**Problem requirements**
Tally the lines below that contain the word "With", then give the tally alone.

**Extracted data**
........
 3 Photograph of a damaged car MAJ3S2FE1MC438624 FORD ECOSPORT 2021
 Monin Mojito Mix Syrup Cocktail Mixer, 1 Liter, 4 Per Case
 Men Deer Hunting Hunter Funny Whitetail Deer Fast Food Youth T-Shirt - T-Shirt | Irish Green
........
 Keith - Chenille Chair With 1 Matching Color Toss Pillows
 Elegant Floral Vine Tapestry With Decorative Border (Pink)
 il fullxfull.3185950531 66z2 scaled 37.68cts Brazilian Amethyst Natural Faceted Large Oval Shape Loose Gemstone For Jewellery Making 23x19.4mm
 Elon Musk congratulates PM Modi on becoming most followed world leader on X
........
**Response to this task**
2